Let’s be honest: if you have remnants of yesterday’s French dip still lingering in your teeth, people will be running away in fear.  If your breath reeks of garlic, your date will have a very hard time holding a conversation with you, let alone locking lips.

So brush, floss, brush again, rinse, chew some gum, or invest in some mints –  preferably all of the above.  The condition, smell, and taste of your mouth are things you will be sharing with your fellow smoocher, so let’s make it a tasty experience please.

Step 2:  Reading the Moment

Close body language, lots of eye contact, and casual flirting should be good indicators if whether the moment is right or not.  Learn how to read the moment before the kiss to make sure you both are feeling the same thing.

Unfortunately, your date may not share the same positive, warm vibes.  “I don’t think he got the point,” Lewey said. “I was moving away as he was moving in.  It was as if he was backing me into a corner to attack my face. He was not reading my very clear not-interested signals.”
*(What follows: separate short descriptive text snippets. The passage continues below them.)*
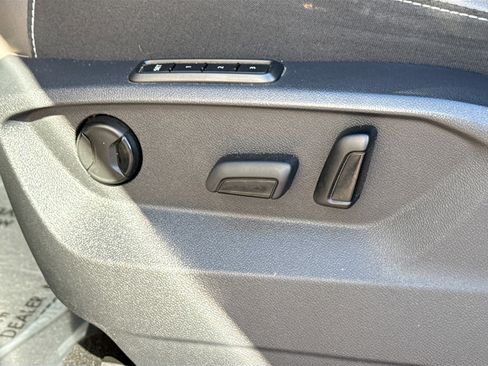 Used 2023 Volkswagen Atlas Cross Sport SEL Premium R-Line image 25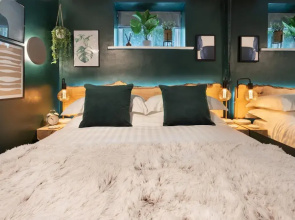 Eden Escape - Comfy Apartment Quiet Neighbourhood
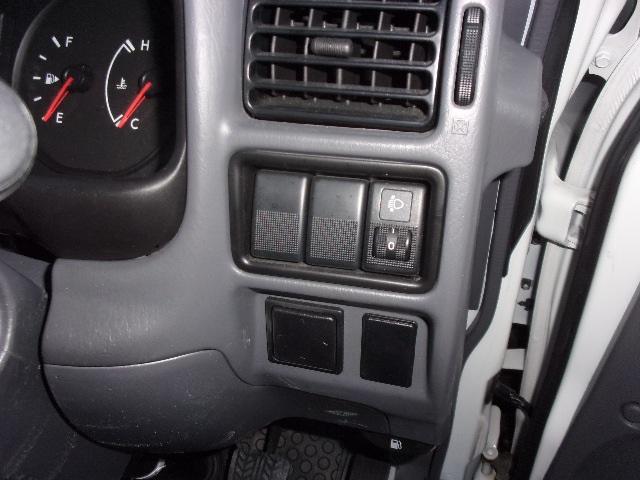 ボンゴバン DX 1年保証付 最終型 5MT車 ハイルーフ 荷室板張り 5ドア 2人乗り ワンオーナー 記録簿7枚 ETC ドラレコ プライバシーガラス AC Wエアバック ABS PS PW 積載1250kg(36枚目)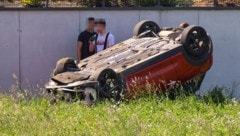 Das Auto der Frau landete auf dem Dach.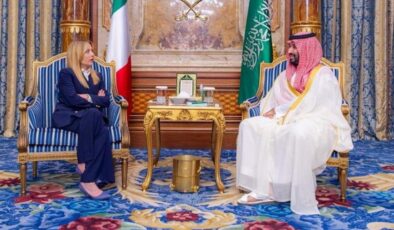 Suudi Arabistan Veliahtı Bin Selman, İtalya Başbakanı Meloni ile görüştü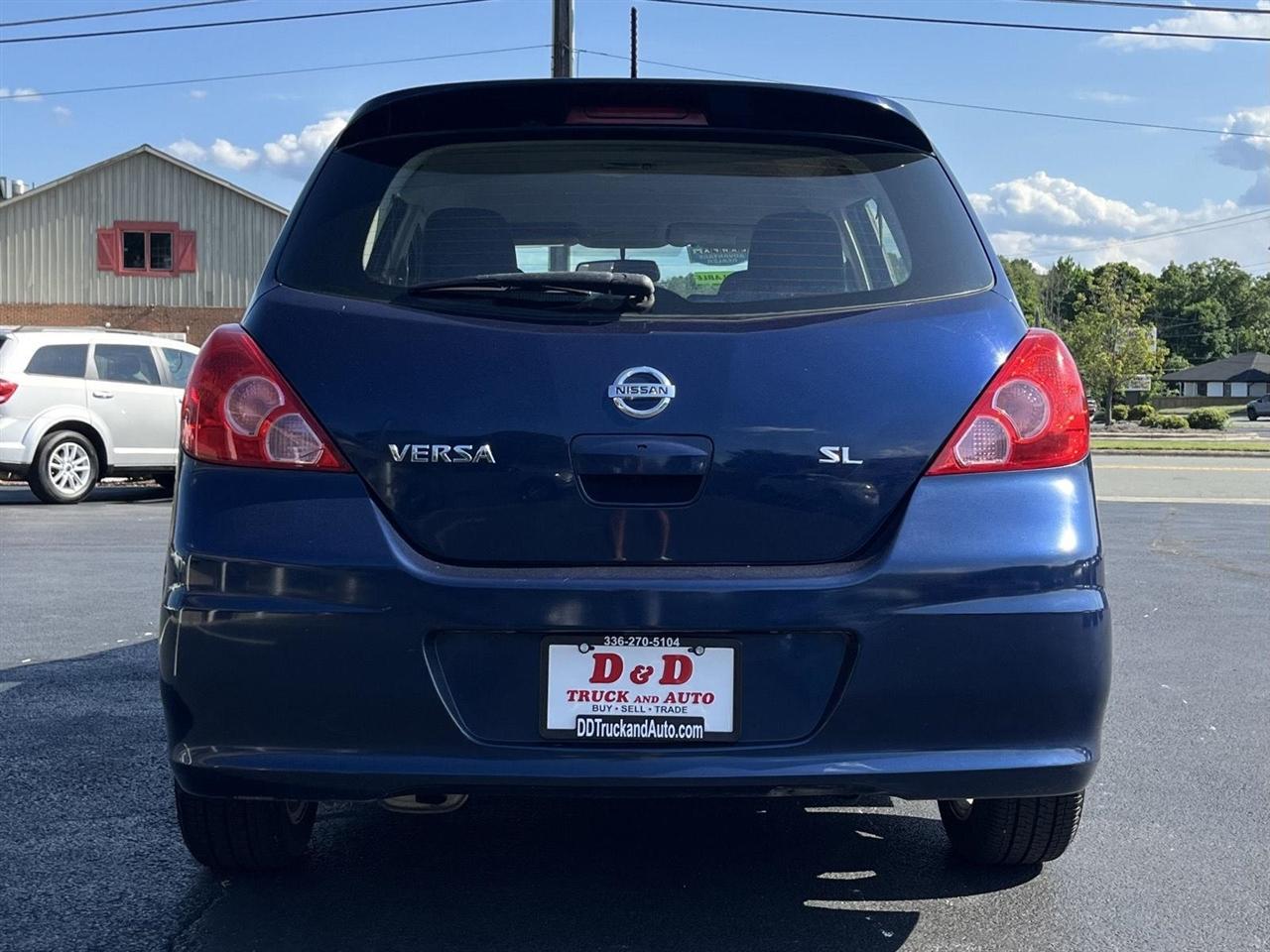 Nissan Versa 1.8 SL Hatchback 2012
The moment needs to be right as you go in for the kiss.  “Read their body language and the mood.  If they seem interested great, if not -- don’t push it,” said senior Will Bratton.

Both Lewey and Bratton agreed that it’s best to tease a little bit.  Any built up tension will only make the kiss more passionate and enjoyable.

Step 3:  THE KISS

There are good kissers… and then there are bad kissers. If you find yourself in the latter category, you may find your kissing experience cut short.  “It was like kissing a cat,” Bratton said. “She just kept lapping my face.  That one didn’t last too long.”
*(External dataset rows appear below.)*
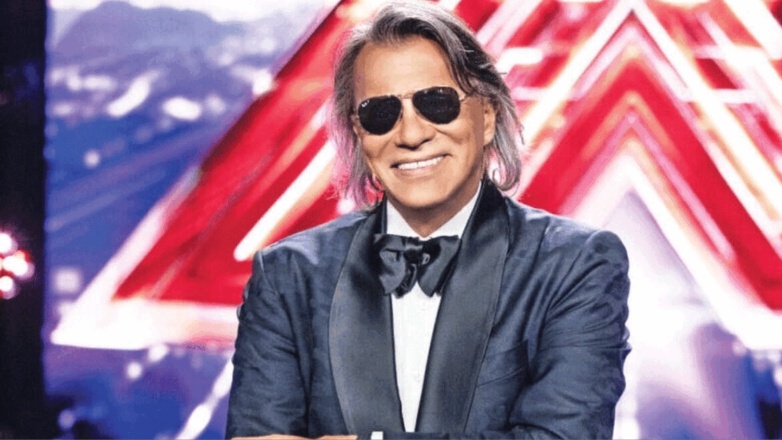 Ηλίας Ψινάκης: «Συνεχίζω ακάθεκτος στην τρίτη ηλικία» – Η εντυπωσιακή τούρτα για τα 67α γενέθλιά του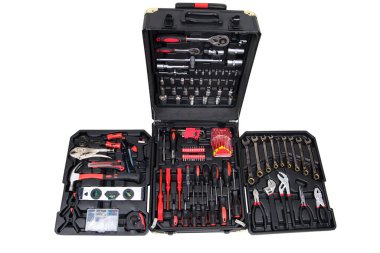 Büyük alet çantası. Çok yönlü bir alet takımı. Beyazda izole edilmiş.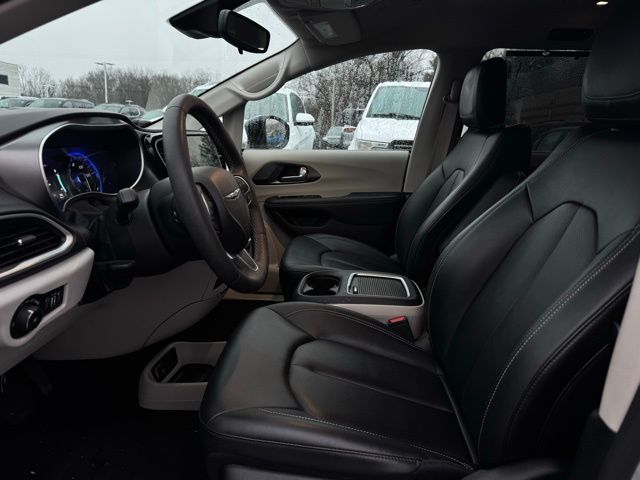 2024 CHRYSLER PACIFICA - Image 15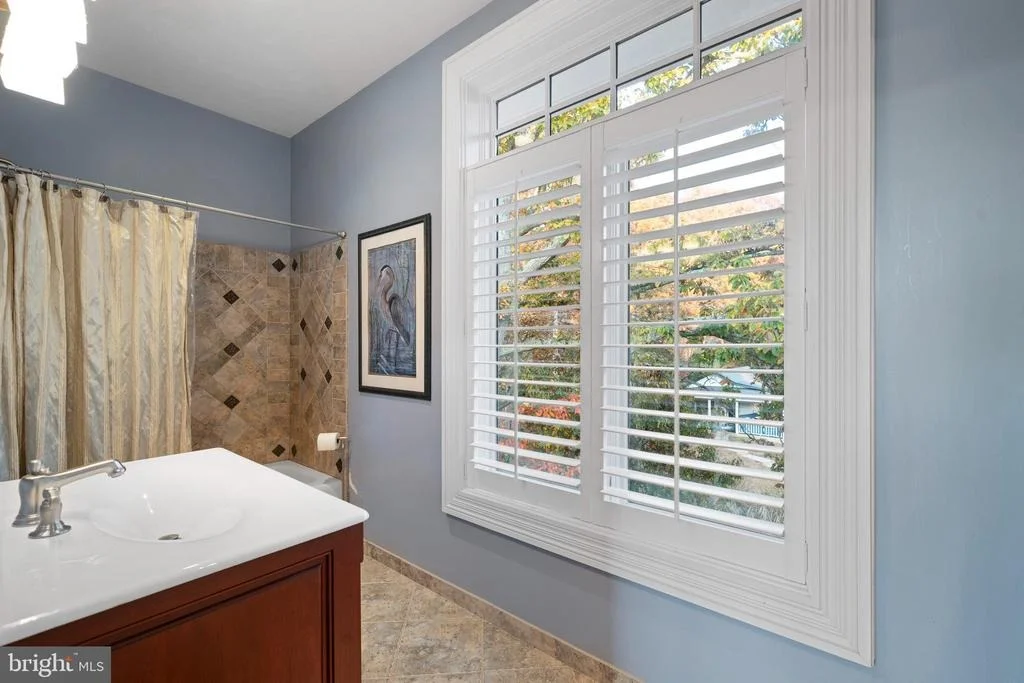 Photo of 206 HARBOR DRIVE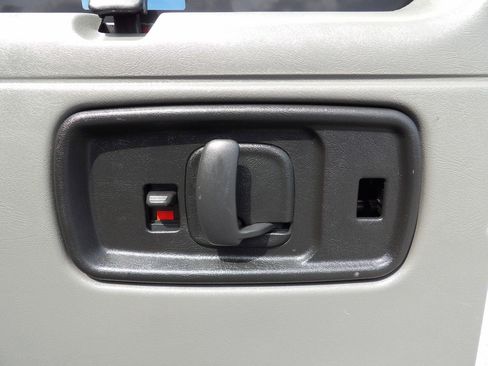 Used 2019 Chevrolet Express 3500 LS image 50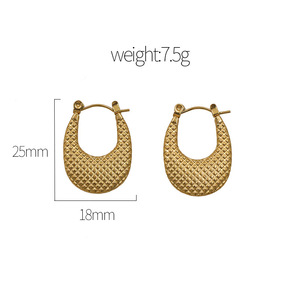 Geometric Cuff Earrings Titanium Steel U-Shaped Ear Cuffs For Women Casual Style Gold And Silver Tone - Product Image 4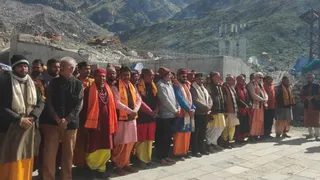 केदारनाथ आपदा की 13वीं बरसी पर दिवंगतों को श्रद्धांजलि देते स्थानीय लोग। जागरण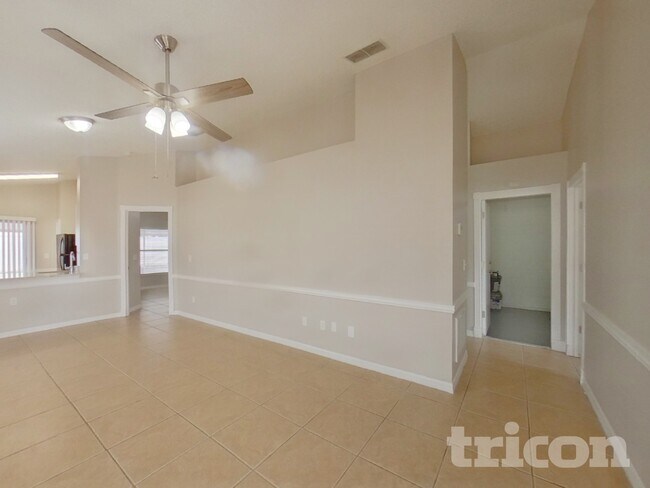Foto del edificio - 9743 Red Clover Ave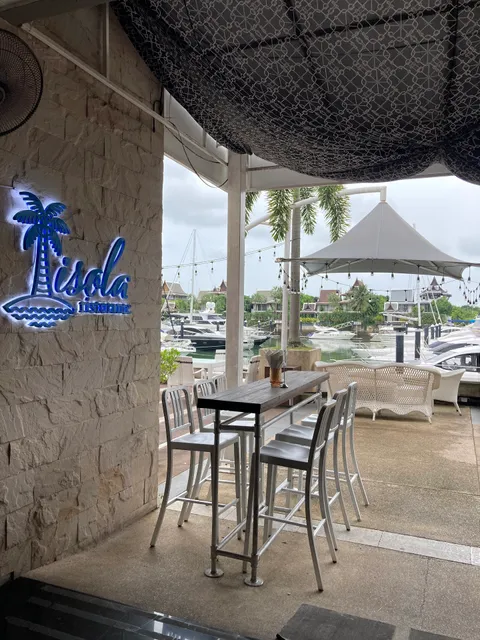 Isola Ristorante Restaurant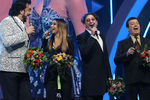 Певцы Филипп Киркоров, Ани Лорак, Григорий Лепс и Иосиф Кобзон во время выступления на шоу-концерте «Песня года» в Москве, 2013 год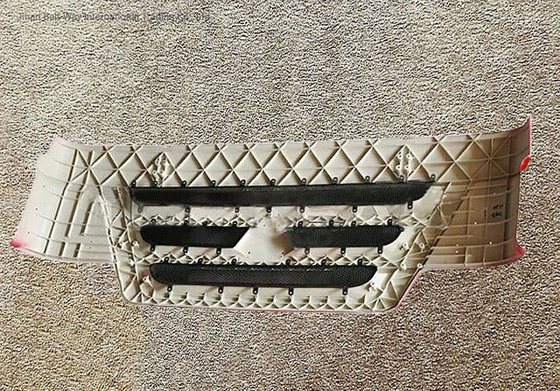 Online ondersteuning voor Sinotruk HOWO Dump Truck Cabin Part Radiator Cover Wg1642111010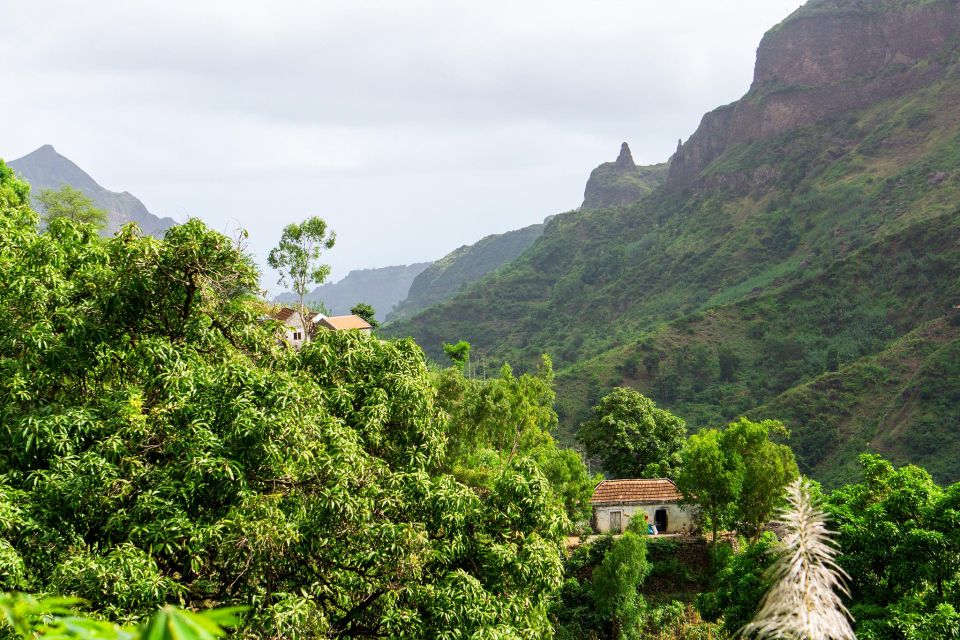 From Tarrafal: Serra to Principal Hike & Lunch With Locals - Transportation to Serra Malagueta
Do not be this person.  Do not kiss like a lapping cat, a constantly pecking bird, or a slobbering dog.  Kiss like a human being.  Exercise creative sensuality while also maintaining control.

Being prepared both physically and mentally for the kiss is not enough.  The execution of the smooch is very important.  Find the balance between exciting and exhilarating while still being respectful and socially acceptable.  “I felt like my whole face was wet,” Lewey said. “He slobbered literally everywhere.  I had to wipe it off with both hands. It was not okay!”
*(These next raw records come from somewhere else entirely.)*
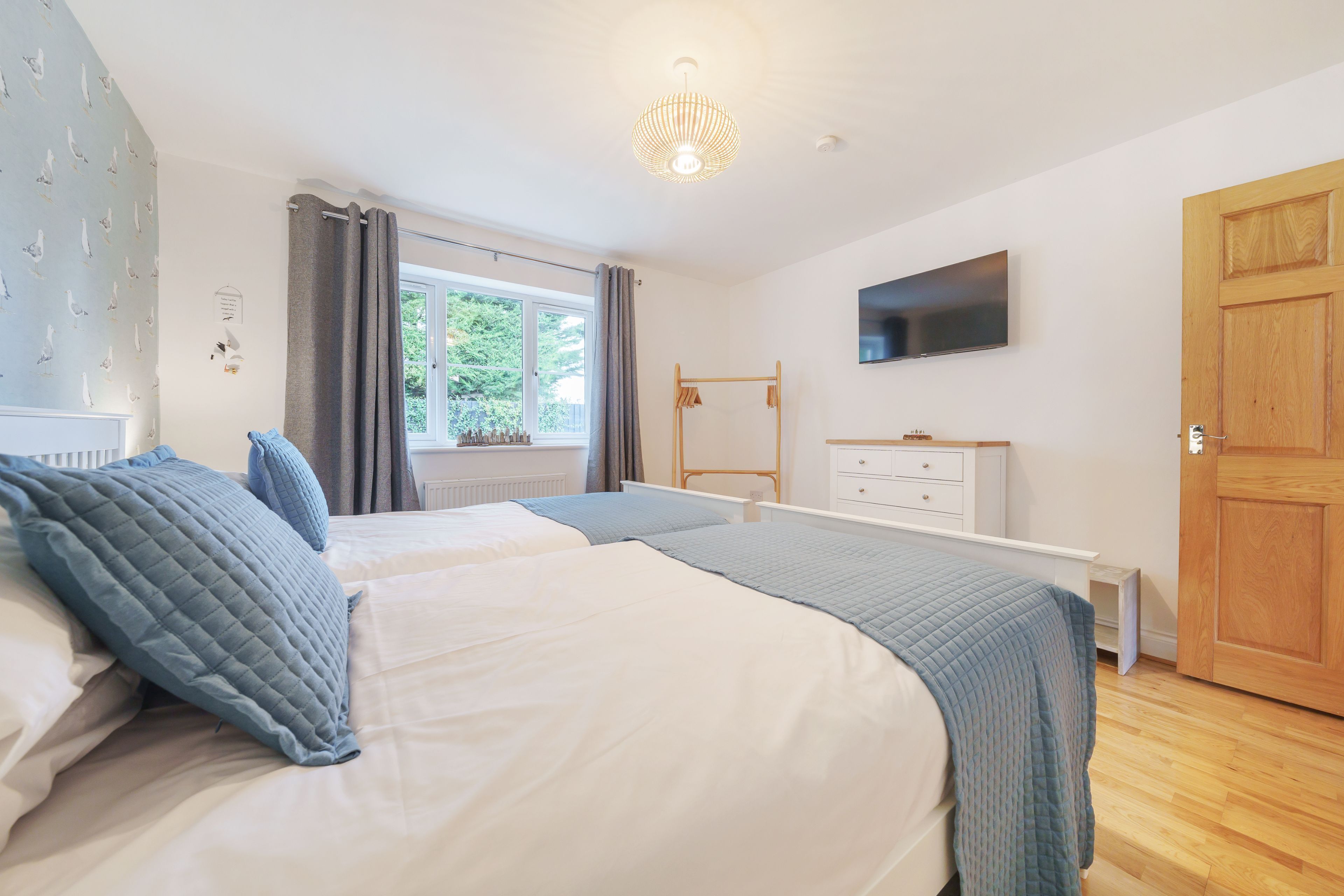 2 slaapkamers, een strijkplank/strijkijzer, wifi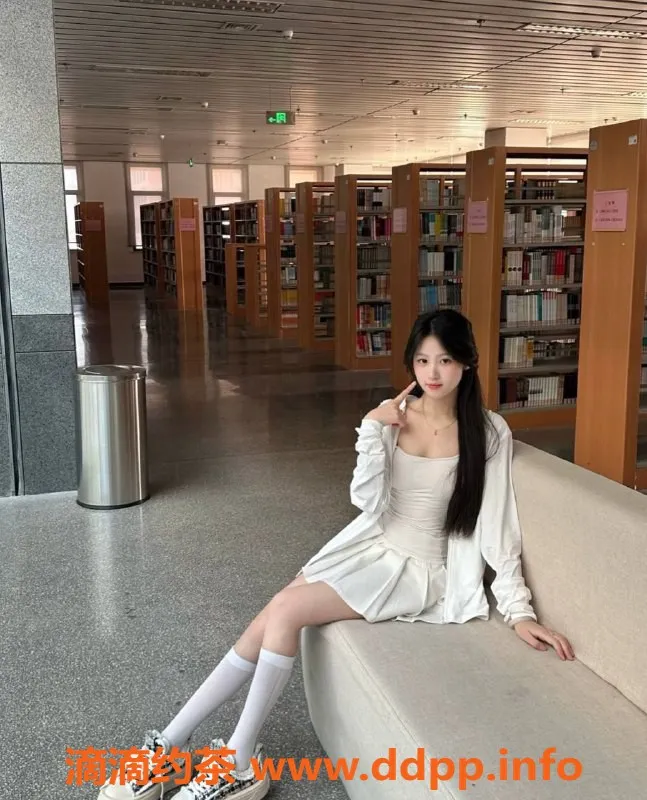 赣州楼凤-章贡18岁清纯妹菜菜，身高166cm，课费800起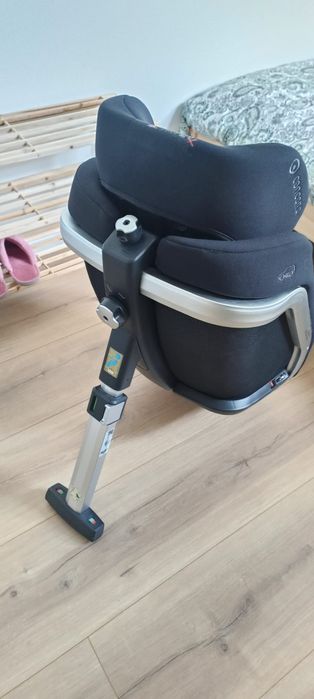 Cadeira Bebé Concord Reverso.Plus
40cm a 105cm, até 23kg

Cadeirinha e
Eyes do not necessarily have to be closed during the kiss, but definitely not open the full length of the kiss.  Take a peek every once and while; but do not be the creepy opened-eyed starrer the whole time.

Your head should not be completely still and constantly to one side.  Have some movement and variety as you engage with the person.  Tongue movement should also have some range, but still maintain some control.  Lips must not be too hard, but not overly soft so that they hold no form, said both Lewey and Bratton.

“During my first kiss, he bit my lips!” said freshman Sammie Santos, “It hurt! But I kept kissing him. He just got over excited I think.”  Let yourself get into the moment but carefully.  Add your own style to the kiss and make it yours.  Be sure, however, to always return to the basic kissing motion as to not completely scare your date.

“During the kiss its so important to find your rhythm, “ said Lewey.  “Feed off the other person and have fun!”

Step 4:  The Aftermath

That crazy, passionate kiss you daydreamed about during every other Core 250 lecture has just concluded, awkward pause, now what?

“Afterwards it really will be different for each couple,” Lewey said.  “It is all about reading the moment.”

Maybe continue to enjoy a movie and some cuddling, a little more smooching, or quickly and uncomfortably part ways, but still embrace the moment.  “I usually make a quick retreat after the initial kiss if the moment isn’t quite right,” said senior Kayla Hughes.

So welcome Valentine’s Day with fresh, minty clean breathe, an open, creative mind, and receptive lips - you are now on your way to becoming a world-class snogger.